REVIEW: Apollo 18

WARNING: Spoilers


Decades-old found footage from NASA’s abandoned Apollo 18 mission, where two American astronauts were sent on a secret expedition, reveals the reason the U.S. has never returned to the moon. Released in 2011, Gonzalo Lopez-Gallego’s Apollo 18 was probably one of the more ambitious found footage movies to have come along in the recent craze of such films taking a unique twist on the whole moon landing conspiracy thing to include extra terrestrial creatures.
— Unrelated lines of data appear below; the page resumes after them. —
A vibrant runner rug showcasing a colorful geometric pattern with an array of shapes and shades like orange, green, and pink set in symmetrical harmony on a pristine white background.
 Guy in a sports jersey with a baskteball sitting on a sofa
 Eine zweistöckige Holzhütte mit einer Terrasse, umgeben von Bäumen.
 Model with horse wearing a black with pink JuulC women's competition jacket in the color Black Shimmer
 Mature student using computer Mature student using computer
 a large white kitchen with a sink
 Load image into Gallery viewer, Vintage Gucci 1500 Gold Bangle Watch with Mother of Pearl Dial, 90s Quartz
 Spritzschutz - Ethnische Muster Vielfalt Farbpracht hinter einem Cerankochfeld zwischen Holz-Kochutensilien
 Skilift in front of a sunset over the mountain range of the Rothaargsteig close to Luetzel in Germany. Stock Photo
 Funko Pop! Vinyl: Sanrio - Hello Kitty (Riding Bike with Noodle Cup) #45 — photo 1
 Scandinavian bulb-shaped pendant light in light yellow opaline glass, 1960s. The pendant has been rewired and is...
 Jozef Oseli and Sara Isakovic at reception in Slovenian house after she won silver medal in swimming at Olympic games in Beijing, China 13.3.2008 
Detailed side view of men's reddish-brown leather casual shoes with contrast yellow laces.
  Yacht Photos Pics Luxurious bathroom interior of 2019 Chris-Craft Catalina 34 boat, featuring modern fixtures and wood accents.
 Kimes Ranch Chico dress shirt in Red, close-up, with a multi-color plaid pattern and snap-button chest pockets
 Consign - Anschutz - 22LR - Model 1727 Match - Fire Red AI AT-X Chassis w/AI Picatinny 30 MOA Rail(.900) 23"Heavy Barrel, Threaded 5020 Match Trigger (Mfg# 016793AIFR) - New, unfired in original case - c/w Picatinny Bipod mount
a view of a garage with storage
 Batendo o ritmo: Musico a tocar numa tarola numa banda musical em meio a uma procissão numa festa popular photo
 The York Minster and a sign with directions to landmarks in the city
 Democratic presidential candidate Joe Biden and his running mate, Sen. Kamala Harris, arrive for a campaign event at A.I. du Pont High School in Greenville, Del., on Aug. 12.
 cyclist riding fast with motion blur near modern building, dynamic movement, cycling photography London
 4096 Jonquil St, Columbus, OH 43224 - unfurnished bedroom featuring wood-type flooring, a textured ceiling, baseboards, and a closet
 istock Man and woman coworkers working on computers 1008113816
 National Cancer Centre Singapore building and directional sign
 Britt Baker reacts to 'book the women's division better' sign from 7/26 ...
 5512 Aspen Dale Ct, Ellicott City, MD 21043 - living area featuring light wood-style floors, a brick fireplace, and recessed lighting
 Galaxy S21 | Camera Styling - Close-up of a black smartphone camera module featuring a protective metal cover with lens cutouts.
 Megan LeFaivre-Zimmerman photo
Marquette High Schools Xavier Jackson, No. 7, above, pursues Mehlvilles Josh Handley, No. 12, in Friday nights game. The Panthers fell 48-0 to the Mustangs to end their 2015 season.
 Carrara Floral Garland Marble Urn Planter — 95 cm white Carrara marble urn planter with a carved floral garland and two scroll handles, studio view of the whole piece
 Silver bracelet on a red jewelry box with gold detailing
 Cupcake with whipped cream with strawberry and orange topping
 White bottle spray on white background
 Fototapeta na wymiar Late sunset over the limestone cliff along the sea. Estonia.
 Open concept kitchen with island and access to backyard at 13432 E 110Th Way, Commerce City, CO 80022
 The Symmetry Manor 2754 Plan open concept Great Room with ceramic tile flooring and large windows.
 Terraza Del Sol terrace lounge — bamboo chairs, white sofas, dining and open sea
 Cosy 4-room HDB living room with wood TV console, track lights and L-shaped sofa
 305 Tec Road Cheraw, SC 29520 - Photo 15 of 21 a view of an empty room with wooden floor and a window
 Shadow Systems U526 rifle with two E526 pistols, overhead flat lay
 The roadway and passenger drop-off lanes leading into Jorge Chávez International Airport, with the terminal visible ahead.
Firstly, this is a beautifully made movie and the moon scenes probably haven’t done much to dissuade the conspiracy theorists who believe the whole thing was a hoax filmed in Area 51 or something. A lot of the footage really feels like it could have been a real moon mission and Lopez-Gallego’s team should be justifiably proud of that. This is probably one of the more claustrophobic movies I have ever seen and at times you really feel like you are in the vacuum of the lunar surface. Being something of a space nut myself one of the most thrilling aspects of this movie was seeing the Soviet lander. Again it was beautifully recreated and was a superb touch to the story especially with the two different footprints scene.


What I didn’t like however was the sheer predictability of the story. The scene in the crater with the camera flash and the dead cosmonaut was a prime example of this. Also I didn’t think the creatures were particularly scary although I will admit the idea that something can disguise itself as a perfect rock one minute then be a giant crab thing next is a little unsettling. The fear factor wasn’t there and instead the movie is more about the survival aspect of these two men trapped on the moon. That was really gripping and I think could have made a movie plot in itself. The slow pacing will test even the most hardcore fan of the found footage genre who is used to it by now with films like Paranormal Activity. While I liked the inclusion of the Soviet lander it’s use in the final scene was questionable. How could they be sure it was going to be able to dock successfully with the Apollo service module in orbit? Were they planning on spacewalking or something? It was poorly conceived and poorly executed.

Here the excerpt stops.